## WHAT IS NEEDED
Find the line containing "Мужчина с пистолетом", then print it and each following line through the end of the records, exactly and with nothing added; leave out any pictures.

[Data entries]
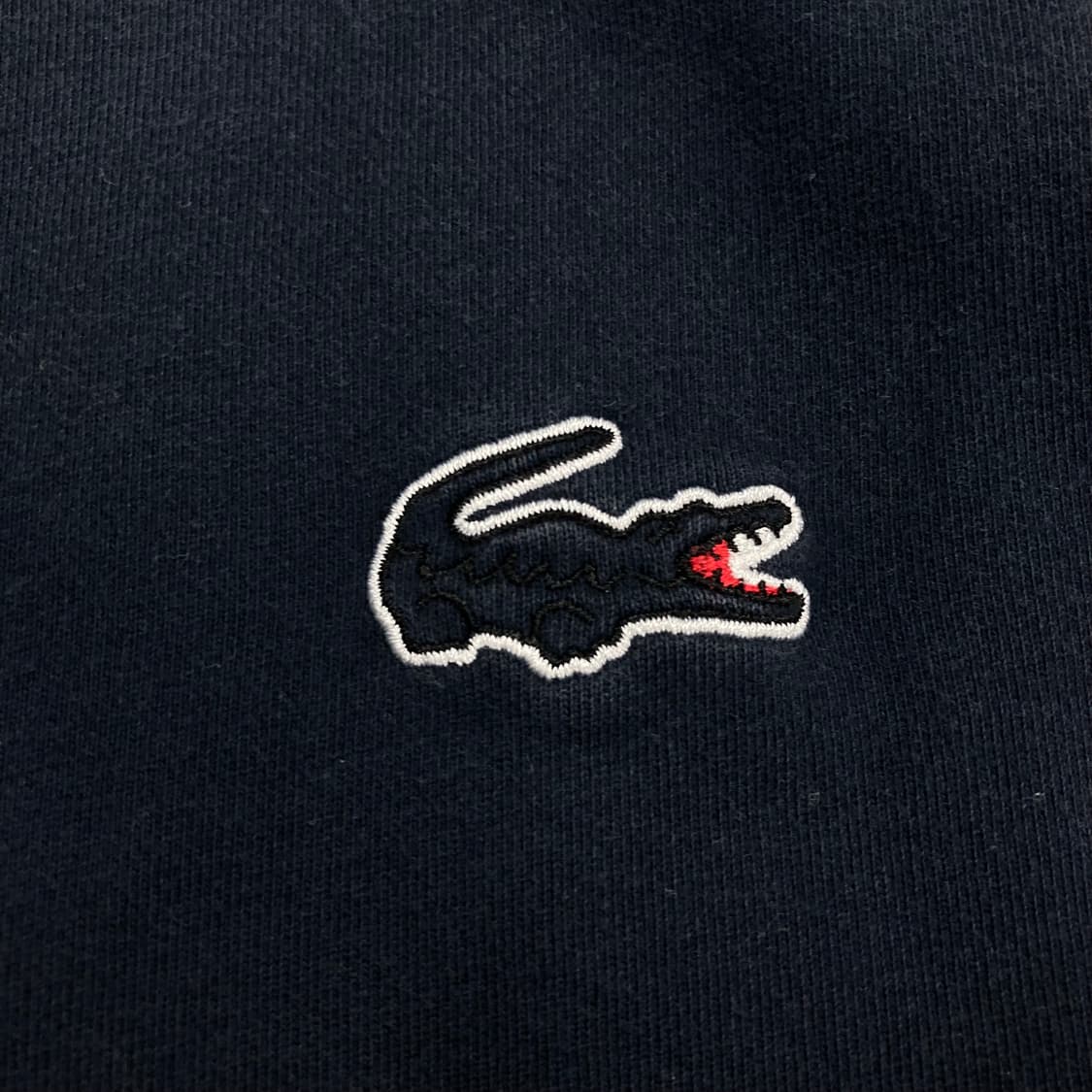 라코스테 네이비 컬러 스몰 로고 미니멀 맨투맨 상품이미지2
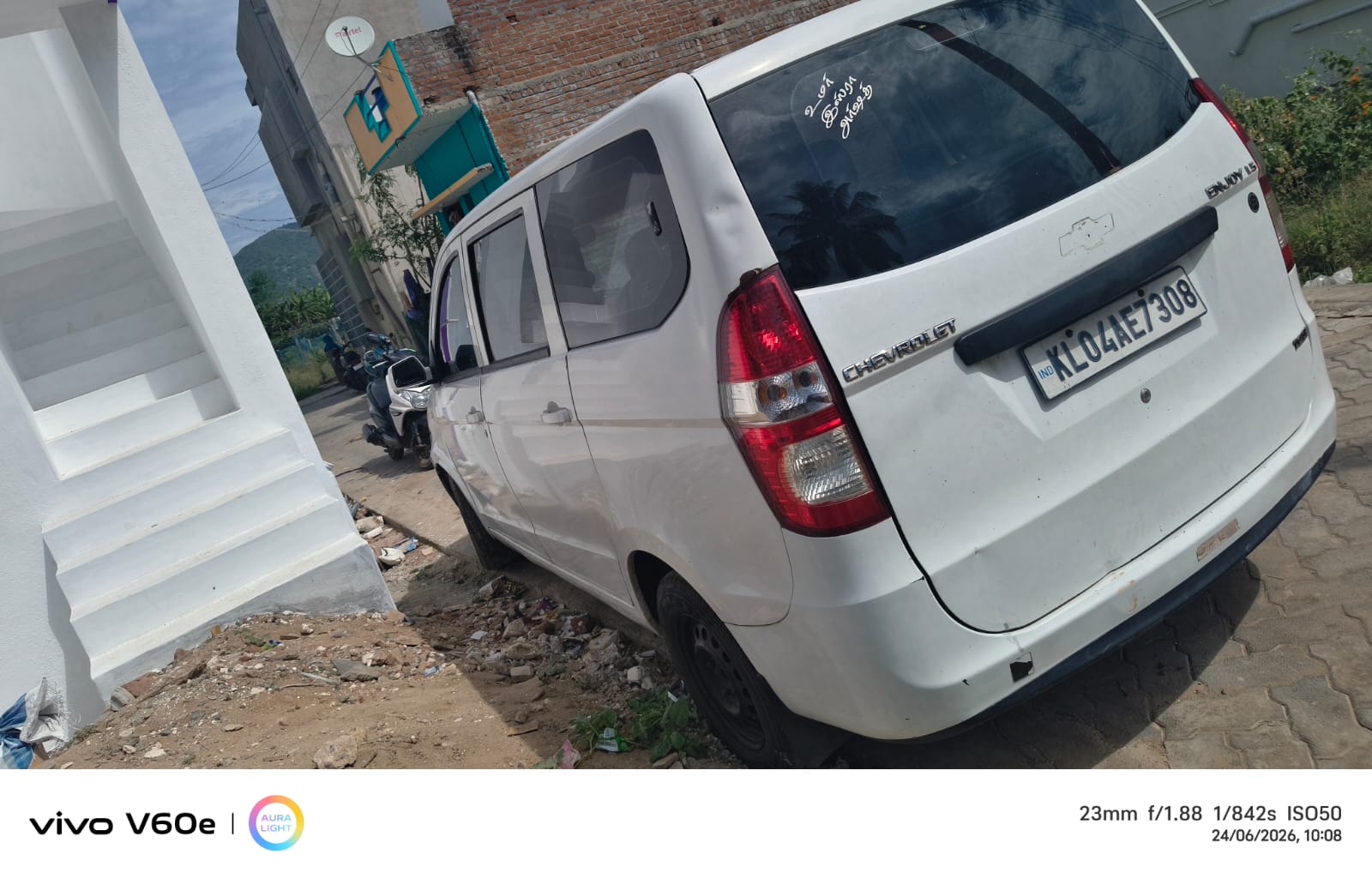 Chevrolet Enjoy - Image 3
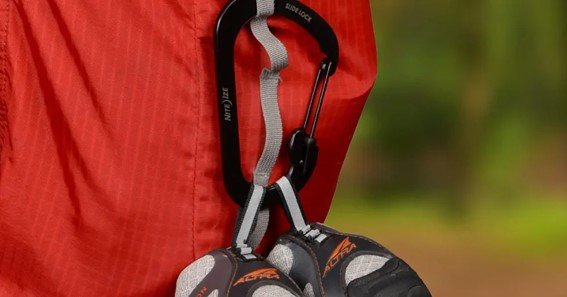 carabiner features a slidelock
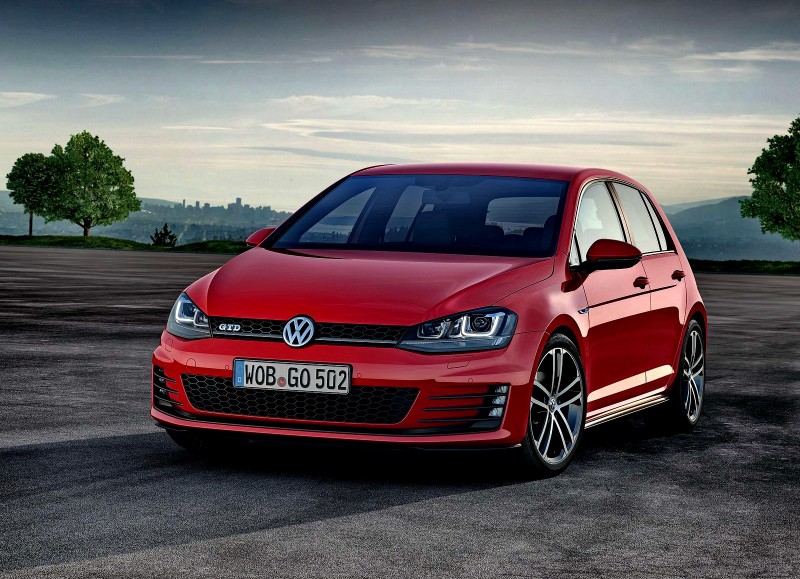Έρχεται υβριδικό Golf GTE για γκάζια & οικονομία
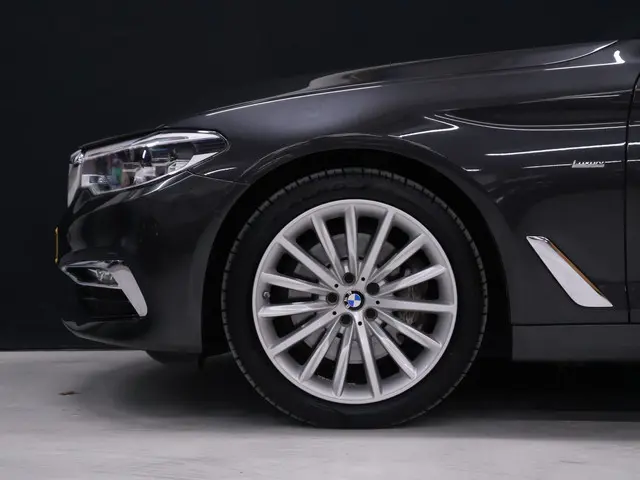 BMW 5-serie Touring 530i High Executive Luxury Line [LUCHTVERING, SCHUIFKANTELDAK, MEMORY SEATS, HEA...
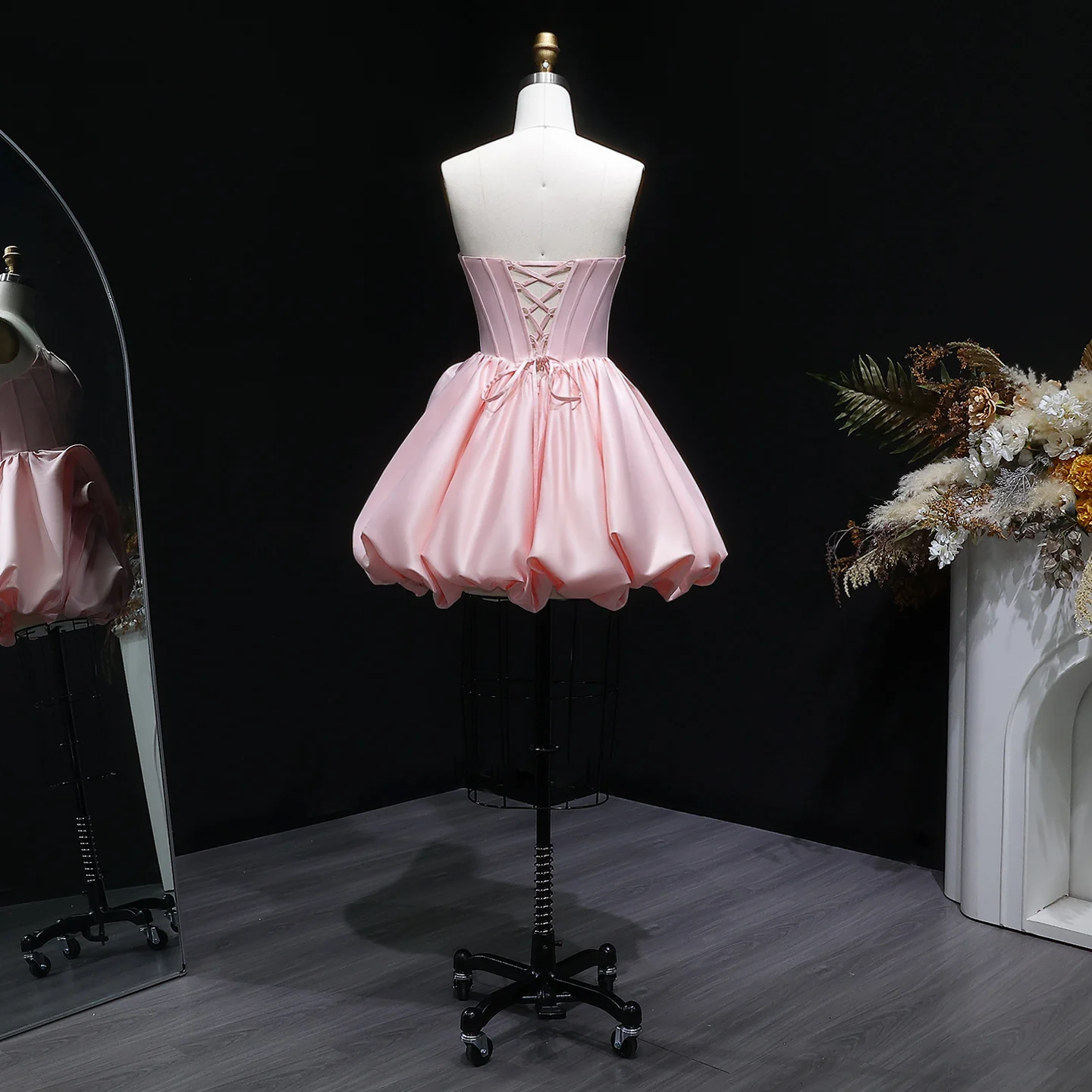 Sharon Said Rosa trägerloses 3D-Blumen-Homecoming-Kleid, plissiertes Korsett, Satin, Dubai, kurzes Cocktail-Abschlussball-Partykleid, RM139, maßgeschneidert – Detail 10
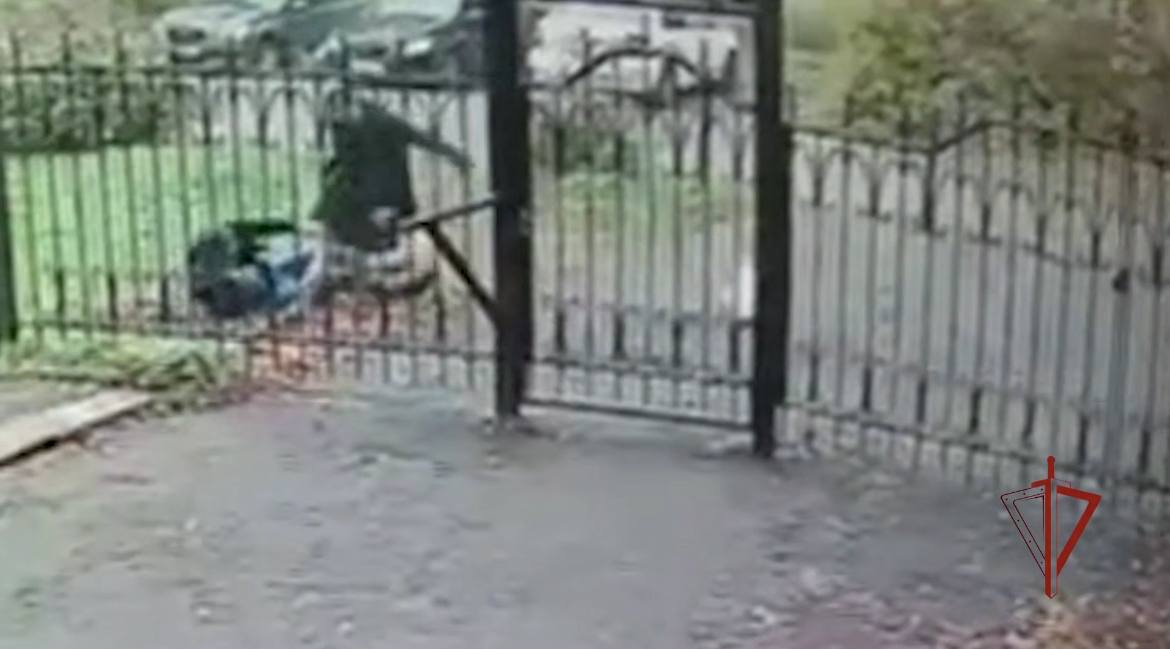 Мужчина с пистолетом напал на студента в подмосковной Коломне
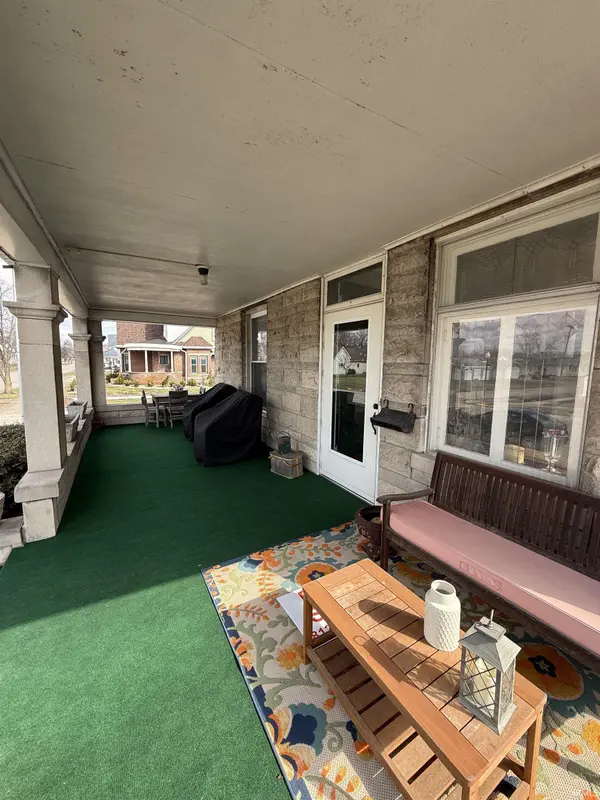 289 N Main ST, Linton, IN 47441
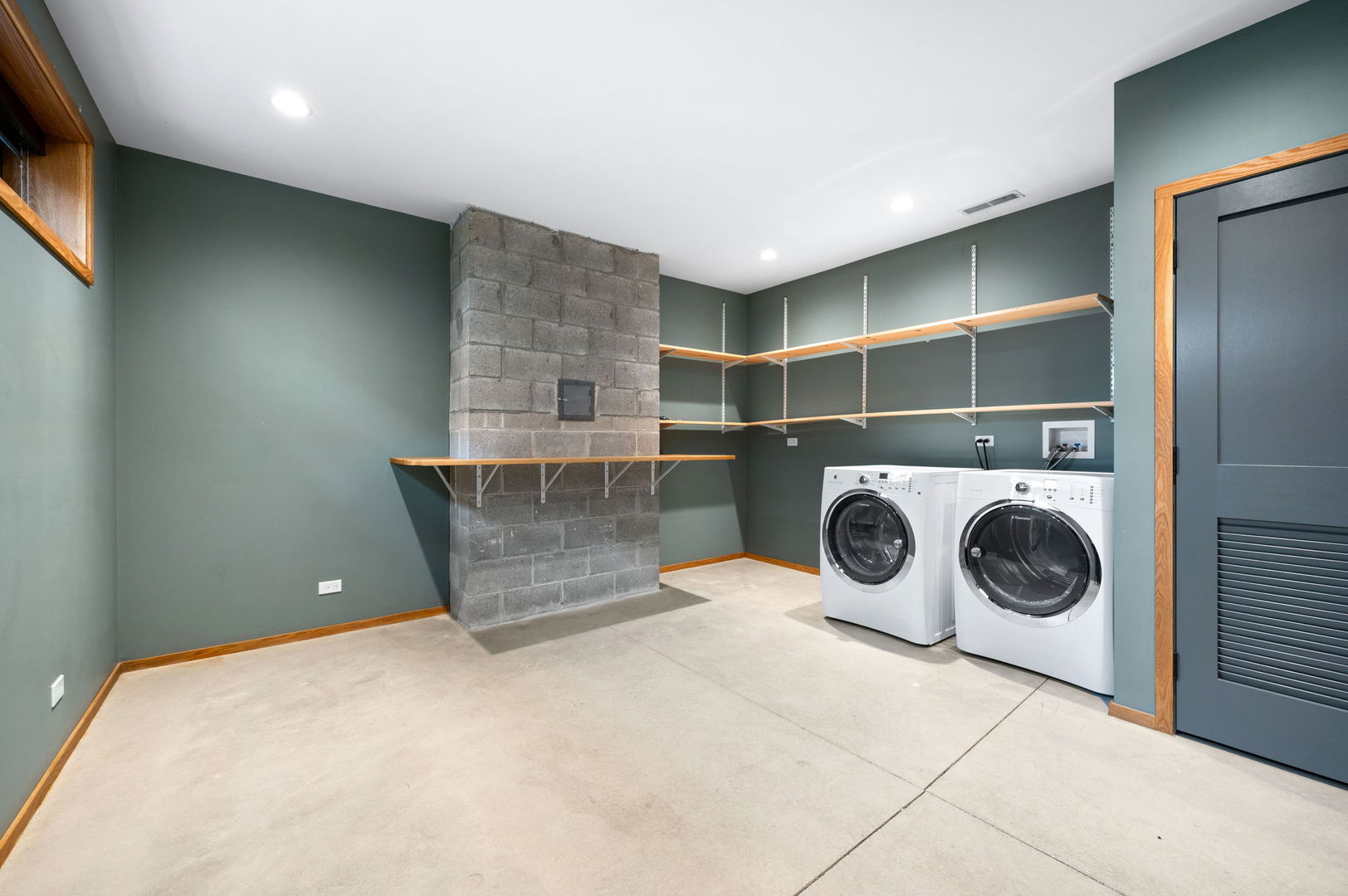 625 W ARMITAGE Avenue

## ANSWER TO THE EXERCISE
 Мужчина с пистолетом напал на студента в подмосковной Коломне
 289 N Main ST, Linton, IN 47441
 625 W ARMITAGE Avenue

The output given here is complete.